The Inside Story on What the Most Engaging Storytellers Know
Recently, I coached an accomplished CEO as he was preparing to deliver a university commencement speech. He had fascinating stories to share that revealed profound truths about life, work and meaning. He spoke with confidence and warmth. And yet somehow still, listening to him, I felt bored and detached.
I stopped him and asked what thoughts and emotions—especially ones that weren’t congruent with his successful leader brand—he had experienced when these stories occurred. Fear? Insecurity? Shame? Apathy? Jealousy? Greed? Uncertainty? Anger?
Then he showed me who he really is.
His platitudes about hard work, persistence and positive attitude turned into powerful statements of courage, self-forgiveness and grace.
And I was captivated.
There are two ways to tell most stories: tell what happened, or tell how people felt about what happened. Most of the time, we assume that the former is sufficient, but it’s the latter that shows people who we really are. And showing who we are is what’s most engaging.
As I wrote last week, connecting to emotions is what creates mutual engagement, whether with a university auditorium or in your weekly status meeting at work.
Here are some ways you can share the inside story of who you are more effectively:
- Process the emotions. Before you can share emotions you have to recognize and name them. This isn’t as easy as it sounds. Recently someone had led me to believe that they’d accepted a work proposal. Then, after weeks of me following up, they responded with an empty put-off and asked me to “leave the ball in their court.” I was angry! How could they be so disrespectful as to lead me on for so long? The anger, though, was masking a deeper emotion—embarrassment. In fact, I’d felt stupid for getting my hopes up and pursuing so hard only to be rejected.
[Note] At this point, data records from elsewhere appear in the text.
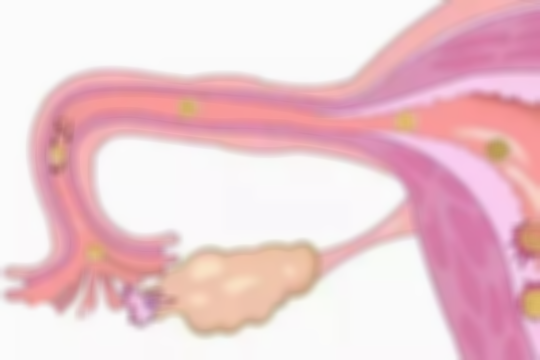 卵泡过大不排的五大原因揭晓，第三点有80%的女性“中招”都没察觉！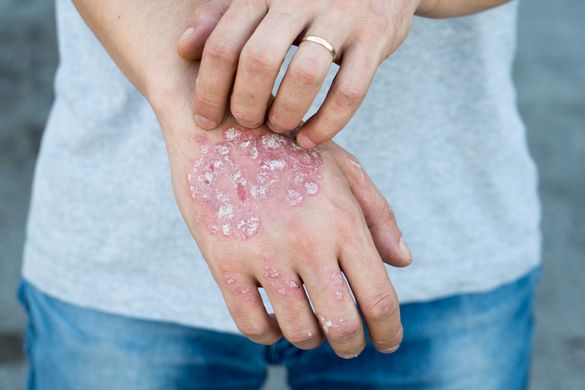 Handrücken mit Psoriasisplaques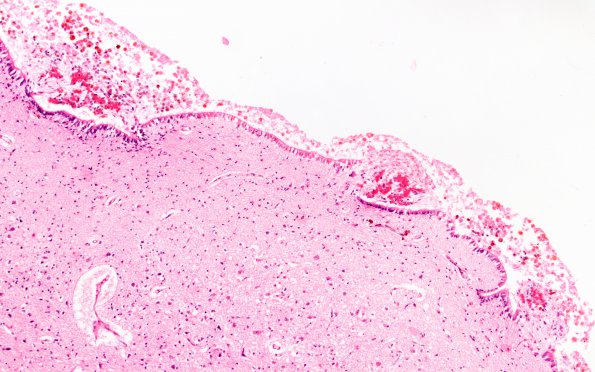 1C4 Hydrocephalus following IVH (Case 1) D H&E 1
- Give the inner view. Many leaders resist being too vulnerable or letting their insides out in a professional context because they fear it’s a sign of weakness or that they lack capability. But not admitting to being afraid or insecure, faking assurance or avoiding incompetence—these are the kinds of things that actually make you appear untrustworthy.
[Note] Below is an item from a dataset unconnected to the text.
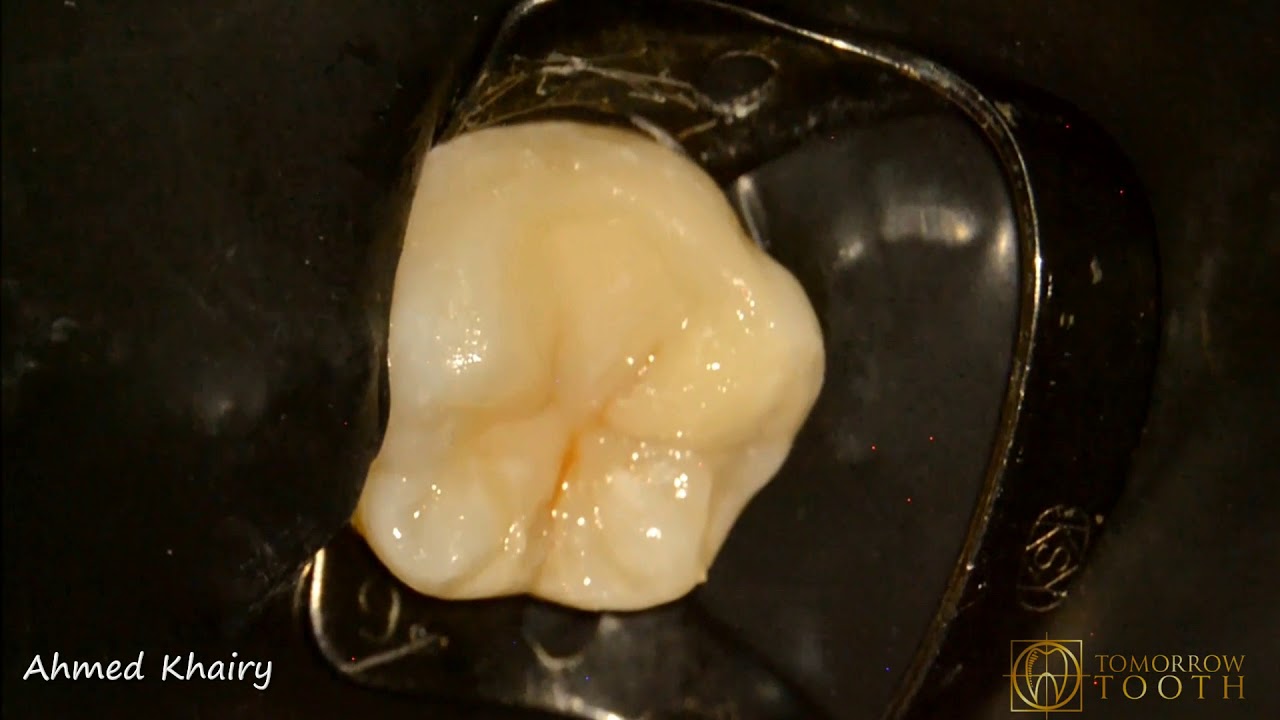 How to create Esthetic Composite restoration YouTube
- Recognize the opportunities for transparency. Of course it’s not always appropriate to wear your heart on your sleeve. Some people or places aren’t safe for transparency and other situations might not allow space beyond the facts. But I’d challenge you to identify more opportunities and see the value of being vulnerable. It could bring trust and connection to a new level.
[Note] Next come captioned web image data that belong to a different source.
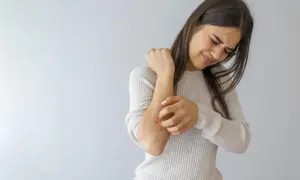 Donna con eruzione cutanea sul gomito che si gratta, cercando rimedi per prurito insopportabile.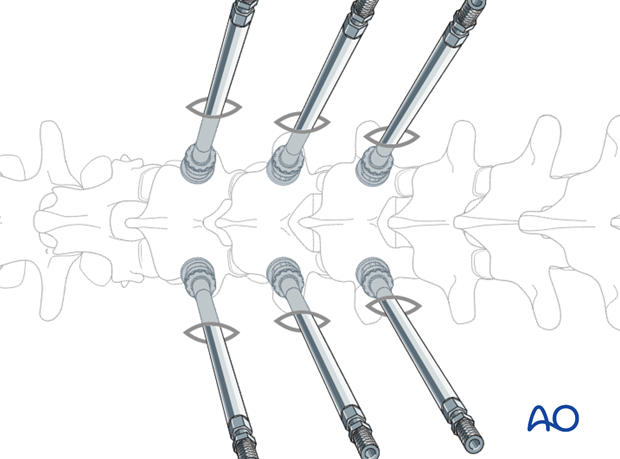 percutaneous pedicle screw insertion in the thoracolumbar spine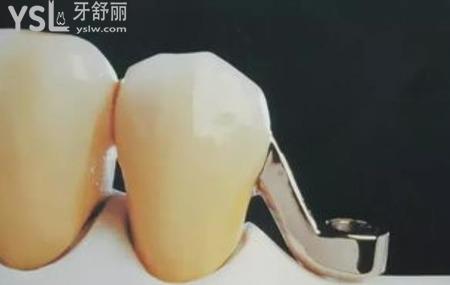夜晚睡覺磨牙怎么回事？
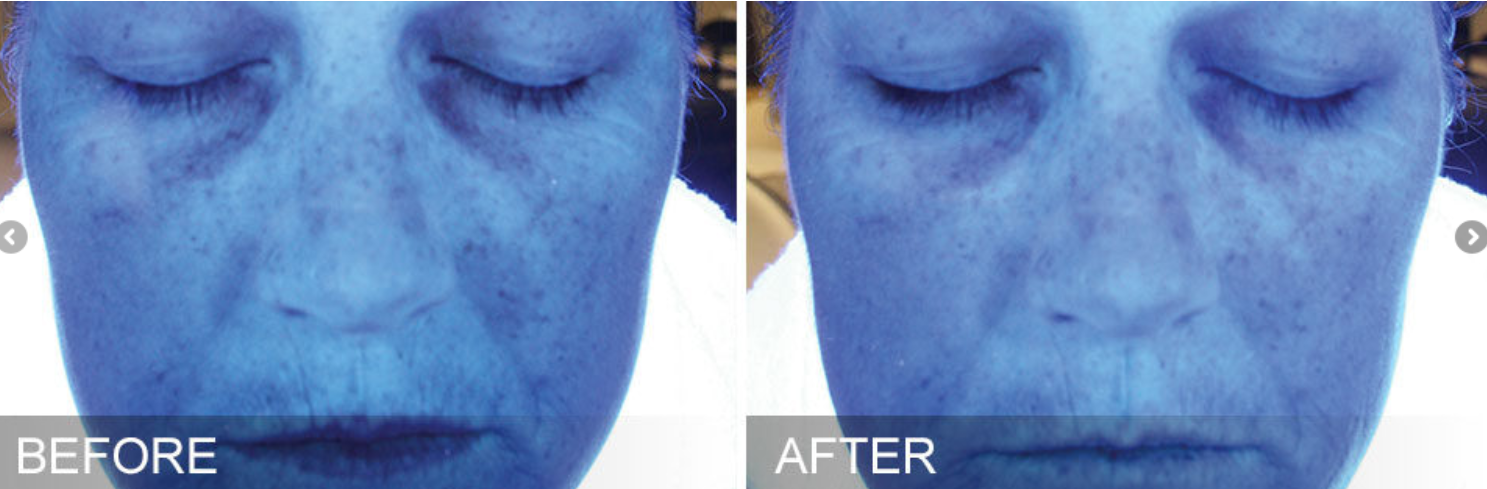 before and after hydrfacial skin analysis photo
- Make emotive words safe. When describing your emotions, how often do you say things like, “I was concerned,” or “It was a struggle,” rather than using the more truthful, often harder to say and hear phrases like, “I felt really scared,” or “I felt insecure.” These patterns start in adolescence when we’re somewhat unaware of our emotional life and too unsure of ourselves to admit it. But you’re an adult now, and it’s time to let go of the ego protection habits of adolescence and get more comfortable with the true emotive words. When you do, you’ll make it easier for the people around you to do the same.
- Nurture the hangover. Brene Brown calls it a “vulnerability hangover”—the period after we’ve been honest about who we really are when we wonder whether we were too transparent, how it might impact what others think of us, and if others will use the information against us. If you are pushing the limits of your emotional comfort zone, you should expect this reaction and be ready to quiet the voices that make you ashamed and regretful of being truly human.
John March once said, “I can listen to someone share content for three minutes. I can listen to someone share emotion for three hours.”
Do you want to connect and engage more deeply with others, personally and professionally? How can you give more of the inside story?